Devdutt Pattanaik introduced by Amita Tripathi
By Rushati Mukherjee, Official ZEE Jaipur Literature Festival Blogger
Like a master storyteller, Devdutt Pattanaik illustrates his arguments with ornamental stories but explains them with pin-point precision. His mischievous references to contemporary issues make the crowd laugh, and his laughter makes them laugh harder. At a jam-packed session, he answered questions about his upcoming book, Olympus: An Indian Retelling of the Greek Myths, such as, are there similarities between the stories of Krishna and Hercules? How does the story of the Trojan horse make an appearance in Jain tradition? Most importantly, how do the Greek myths and the Hindu myths differ from each other?
Many of the Greek myths share ‘superficial similarities’ with Hindu myths, observed Pattanaik. The Trojan War in Homer’s Iliad was fought by a king to bring back his queen, as was the war in Ramayana. Hercules fought a lion and defeated a many-headed snake, as did Krishna. The story of Achilles’s flawed immortality, transferred to him by his mother, cannot help but remind us of Gandhari’s attempt to protect Duryodhana in the Mahabharata. But on closer inspection, the disparities are more profound.

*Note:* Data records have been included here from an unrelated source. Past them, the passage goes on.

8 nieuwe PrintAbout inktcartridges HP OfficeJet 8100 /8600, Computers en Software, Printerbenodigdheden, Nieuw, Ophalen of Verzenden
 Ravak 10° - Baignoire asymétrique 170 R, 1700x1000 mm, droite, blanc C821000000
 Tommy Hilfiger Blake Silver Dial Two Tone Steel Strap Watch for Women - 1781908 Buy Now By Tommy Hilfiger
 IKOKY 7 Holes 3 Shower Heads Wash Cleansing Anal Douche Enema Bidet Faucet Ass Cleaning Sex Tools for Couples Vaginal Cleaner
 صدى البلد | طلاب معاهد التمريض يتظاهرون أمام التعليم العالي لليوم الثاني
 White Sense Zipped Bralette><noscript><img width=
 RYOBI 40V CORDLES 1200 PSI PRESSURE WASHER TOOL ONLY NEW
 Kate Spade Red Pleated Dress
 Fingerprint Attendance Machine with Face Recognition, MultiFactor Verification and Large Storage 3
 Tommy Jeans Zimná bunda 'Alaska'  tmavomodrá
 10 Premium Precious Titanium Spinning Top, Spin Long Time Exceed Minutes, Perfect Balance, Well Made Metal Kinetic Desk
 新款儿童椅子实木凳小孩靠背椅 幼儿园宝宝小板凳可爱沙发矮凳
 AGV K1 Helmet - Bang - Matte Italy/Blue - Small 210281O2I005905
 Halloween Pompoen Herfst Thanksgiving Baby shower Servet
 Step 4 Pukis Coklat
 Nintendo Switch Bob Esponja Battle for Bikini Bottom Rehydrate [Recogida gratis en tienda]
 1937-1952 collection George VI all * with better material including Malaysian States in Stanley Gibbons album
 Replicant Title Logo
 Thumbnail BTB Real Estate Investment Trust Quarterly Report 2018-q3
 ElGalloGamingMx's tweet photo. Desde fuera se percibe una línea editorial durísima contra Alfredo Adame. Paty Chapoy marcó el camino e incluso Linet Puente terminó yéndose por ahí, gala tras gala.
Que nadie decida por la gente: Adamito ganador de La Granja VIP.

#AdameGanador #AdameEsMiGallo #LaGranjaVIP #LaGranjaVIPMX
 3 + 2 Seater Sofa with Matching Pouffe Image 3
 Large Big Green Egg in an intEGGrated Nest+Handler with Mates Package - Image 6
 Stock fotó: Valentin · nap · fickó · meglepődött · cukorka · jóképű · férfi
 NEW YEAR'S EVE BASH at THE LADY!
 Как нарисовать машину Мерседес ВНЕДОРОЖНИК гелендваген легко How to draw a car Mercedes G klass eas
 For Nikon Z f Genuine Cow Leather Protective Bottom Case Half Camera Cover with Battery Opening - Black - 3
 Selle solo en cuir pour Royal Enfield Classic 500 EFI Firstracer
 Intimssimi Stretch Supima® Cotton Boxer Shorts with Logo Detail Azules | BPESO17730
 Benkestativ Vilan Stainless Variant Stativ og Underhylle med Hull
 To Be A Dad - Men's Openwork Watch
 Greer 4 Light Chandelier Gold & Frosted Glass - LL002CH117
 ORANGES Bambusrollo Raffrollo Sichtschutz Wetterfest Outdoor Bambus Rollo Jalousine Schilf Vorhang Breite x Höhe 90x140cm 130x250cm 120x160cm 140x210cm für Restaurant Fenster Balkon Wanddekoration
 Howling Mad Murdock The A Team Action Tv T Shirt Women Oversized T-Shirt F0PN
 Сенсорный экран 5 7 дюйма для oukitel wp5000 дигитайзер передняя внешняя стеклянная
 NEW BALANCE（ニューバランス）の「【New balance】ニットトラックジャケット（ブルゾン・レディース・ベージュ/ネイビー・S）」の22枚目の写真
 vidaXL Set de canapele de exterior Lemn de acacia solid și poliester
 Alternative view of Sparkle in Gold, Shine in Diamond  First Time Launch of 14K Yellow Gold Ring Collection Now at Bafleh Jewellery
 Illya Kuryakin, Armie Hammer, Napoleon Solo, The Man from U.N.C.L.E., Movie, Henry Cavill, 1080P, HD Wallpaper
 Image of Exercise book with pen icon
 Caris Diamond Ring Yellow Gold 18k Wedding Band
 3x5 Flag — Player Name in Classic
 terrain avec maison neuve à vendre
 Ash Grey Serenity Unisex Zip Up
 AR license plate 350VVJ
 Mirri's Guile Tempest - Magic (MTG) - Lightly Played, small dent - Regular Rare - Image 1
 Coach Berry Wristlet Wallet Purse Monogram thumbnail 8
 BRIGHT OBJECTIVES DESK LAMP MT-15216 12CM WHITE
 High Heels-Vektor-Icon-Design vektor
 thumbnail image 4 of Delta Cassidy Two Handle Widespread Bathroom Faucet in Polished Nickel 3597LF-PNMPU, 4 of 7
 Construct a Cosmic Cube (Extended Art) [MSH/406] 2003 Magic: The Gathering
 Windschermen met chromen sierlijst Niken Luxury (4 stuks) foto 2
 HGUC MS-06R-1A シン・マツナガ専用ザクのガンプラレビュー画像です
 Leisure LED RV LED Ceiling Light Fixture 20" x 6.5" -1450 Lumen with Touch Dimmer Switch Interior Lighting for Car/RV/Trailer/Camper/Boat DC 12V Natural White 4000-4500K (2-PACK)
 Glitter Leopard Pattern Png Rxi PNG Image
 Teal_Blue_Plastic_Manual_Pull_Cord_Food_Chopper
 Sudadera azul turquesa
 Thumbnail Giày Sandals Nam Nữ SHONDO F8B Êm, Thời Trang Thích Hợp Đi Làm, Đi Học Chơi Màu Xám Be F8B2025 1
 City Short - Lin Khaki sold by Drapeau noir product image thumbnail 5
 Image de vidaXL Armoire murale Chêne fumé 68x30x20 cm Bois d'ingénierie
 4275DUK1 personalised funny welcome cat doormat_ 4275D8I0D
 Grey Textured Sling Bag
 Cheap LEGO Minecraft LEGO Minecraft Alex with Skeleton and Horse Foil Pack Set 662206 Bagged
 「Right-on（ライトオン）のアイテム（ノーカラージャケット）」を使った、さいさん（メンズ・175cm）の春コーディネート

The most significant mistake made by people comparing these myths, explained Pattanaik, is to ignore the enormous differences in the fundamental narrative structures of stories in Ancient India and Ancient Greece. Greek stories have a strict, definite arc; there is always a beginning, middle, and an end. Contrastingly, Hindu mythology is much more fluid. Every Hindu myth is a continuation of a larger story that spans far beyond its protagonists. This difference is due to the very different ways in which these cultures engaged with the concept of destiny.
The Greek way of life was to try and impose control over what seemed to be uncontrollable, explained Pattanaik. On the other hand, every Hindu story ultimately leads back to the concept of the sanatan (‘that which continues forever’). The Greek world is fixed and limited. The Hindu world, on the other hand, has no beginning and no end. ‘What we think is chaos is just order beyond our understanding,’ said Pattanaik.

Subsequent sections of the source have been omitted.